How old were you when you learnt to sew? Who taught you?

Nobody ever taught me. At some point, I had an old sewing machine and started learning to collect small pieces of cloth into a patchwork. I’m not very good at sewing even now, I would say I’m not very good at sewing at all, but my love for detailed handicraft is still there.

You’ve been called “Russia’s weirdest designer”—how do you feel about that?

I don’t care what they say about me. I’ve never cared about opinions—they don’t stop me, they don’t hurt me. I only trust a narrow circle of people and colleagues in my workshop—those are the people whose opinions I listen to. 

The same article also describes your aesthetic as “Amish Loony Tunes”. If you had to use 3 words to sum up your aesthetic what would you say? 

Conceptuality, magic, eclecticism.

What did you want to achieve with this collection that you hadn’t been able to do before?

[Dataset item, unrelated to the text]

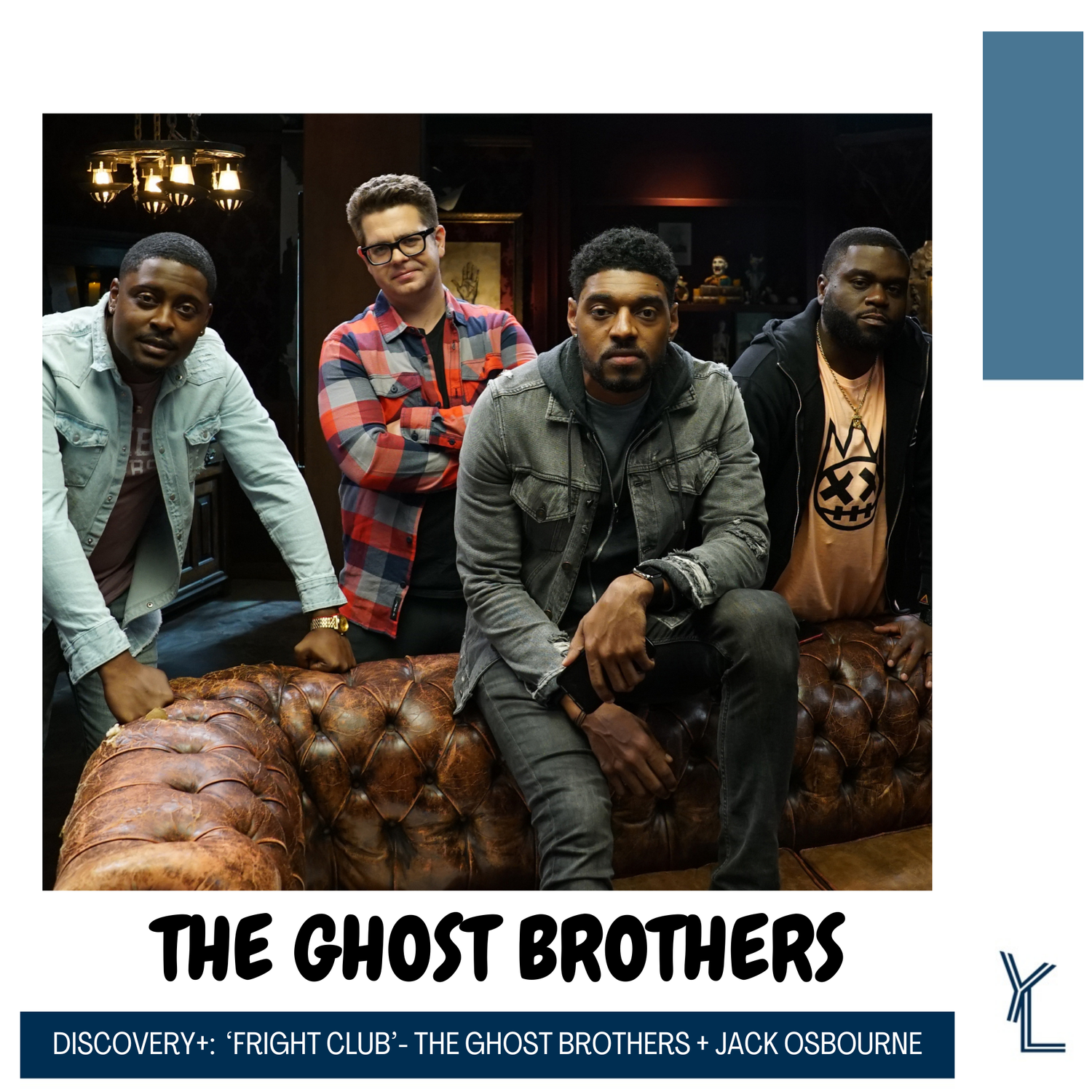 THE GHOST BROTHERS- DALEN SPRATT, JUWAN MASS, & MARCUS HARVEY episode artwork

I always get everything I dream of. It’s not enough for me to just present my clothes on the runway, on the models. It is important for me that people feel the emotion, message and atmosphere of these clothes. So that when buying and putting on something from our collection, the client could feel the atmosphere and carry this message on himself.

Your show was performative, fun and unconventional—when did you first start playing with the dynamic aspect of the show?

For us, this is a very important aspect in the presentation of the collection. Emotions are something sincere: an energy and a message, a holiday, something that people need now. Everybody wants to be happy—when putting clothes on, they want to feel comfortable and positive. Such a presentation gives our clothes a certain energy and image—these positive characteristics.

What inspires you?

I’m inspired by everything that’s wrong to talk about, think about and tell. I love mysterious and unusual clothes, I love mysticism, I love aesthetics and atmosphere, the feeling of something magical, like when an energy bewitches, presses, and puts you into a trance. I love behind-the-scenes and secret things that I want to talk about through my collections…

What infuriates you?

I am very irritated by human stupidity and unprofessionalism, pathos and lack of taste, banality and indifferent attitude to work, as well as mass consumption and lack of freedom.

What’s been the biggest development for you as a designer since you started?

Every new project, every new collection develops me, teaches me. Because I started my own business from scratch, I couldn’t do anything and didn’t imagine working in the fashion industry. Now I have a good understanding of my business and a great sense of the industry and the fashion market as a whole. I have learned the main skills that a designer should have, and as I had previously studied to be a PR specialist, I have consolidated my existing knowledge a thousand times, learning a lot of pitfalls, details, chips and techniques.

In what way do you think Moscow helps and hinders your creativity?

Moscow is a big city with a large money turnover, with a lot of connections and opportunities—this is a plus. But I don’t like big cities where there are no plants or smiling people, I like calm and beauty, I’m not inspired by the huge carriageways, eternal cars and stone buildings, the subway. I love to go to an unknown village where people live very simply, enjoying nature, simple architecture, silence and humanity. I need a lot of natural light and air. In Moscow I like everything that is not dressed with pathos sauce!